Supreme Court of Arkansas

October 30, 2014



Robert Earl Tucker, Jr., pro se appellant.

Dustin McDaniel, Att'y Gen., by: Karen Virginia Wallace, Ass't Att'y Gen., for appellee.


In 1997, appellant Robert Earl Tucker, Jr., who was an inmate of the Arkansas Department of Correction, was found guilty by a jury of capital murder in the stabbing death of a fellow inmate. He was sentenced to life imprisonment without parole. We affirmed. Tucker v. State, 336 Ark. 244, 983 S.W.2d 956 (1999).

In 2013, appellant, who was incarcerated at a unit of the Arkansas Department of Correction located in Jefferson County, filed a pro se petition for writ of habeas corpus in the Jefferson County Circuit Court.[1] The petition was dismissed, and the circuit court noted that the action counted as a "strike" pursuant to Arkansas Code Annotated section 16-68-607 (Repl. 2005). Appellant brings this appeal.

In his petition for writ of habeas corpus, appellant raised the following claims: the trial court made myriad errors in its rulings on defense motions during voir dire of the jury and during trial; he was denied effective assistance of counsel. On appeal, appellant reiterates the arguments raised in the petition. He further contends that the circuit court's order dismissing his petition is invalid because it does not properly represent his requests for relief, does not define such terms as "facially invalid" and "lack of jurisdiction, " does not cite the proper guidelines for determining probable cause, contains false statements, and does not address constitutional issues raised in the petition. He also urges this court to reverse the order on the ground that the declaration in the order that the failure to state a claim constitutes a "strike" proves that the circuit court deliberately misrepresented his request for relief as being "unsanctioned."

We find no ground on which to reverse the order. A circuit court's denial of habeas relief will not be reversed unless the court's findings are clearly erroneous. Sanders v. Straughn, 2014 Ark. 312, 439 S.W.3d 1 (per curiam) (citing Henderson v. State, 2014 Ark. 180 (per curiam)). A finding is clearly erroneous when, although there is evidence to support it, the appellate court, after reviewing the entire evidence, is left with the definite and firm conviction that a mistake has been committed. Bryant v. Hobbs, 2014 Ark. 287 (per curiam).
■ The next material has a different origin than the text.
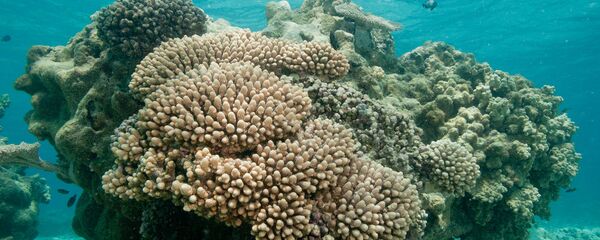 Coral reef, Shark Island lagoon, French Frigate Shoals. - Sputnik International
A writ of habeas corpus is proper when a judgment of conviction is invalid on its face or when a trial court lacked jurisdiction over the cause. Bryant, 2014 Ark. 287. The burden is on the petitioner in a habeas-corpus petition to establish that the circuit court lacked jurisdiction or that the commitment was invalid on its face; otherwise, there is no basis for a finding that a writ of habeas corpus should issue. Bryant, 2014 Ark. 287 (citing Young v. Norris, 365 Ark. 219, 226 S.W.3d 797 (2006) (per curiam)). Under our statute, a petitioner who does not proceed under Act 1780 of 2001 Acts of Arkansas must plead either the facial invalidity or the lack of jurisdiction by the trial court and must additionally make a showing by affidavit or other evidence of probable cause to believe that he is illegally detained. Ark. Code Ann. § 16-112-103(a)(1) (Repl. 2006); Murphy v. State, 2013 Ark. 155 (per curiam). Proceedings for the writ are not intended to require an extensive review of the record of the trial proceedings, and the court's inquiry into the validity of the judgment is limited to the face of the commitment order. Id.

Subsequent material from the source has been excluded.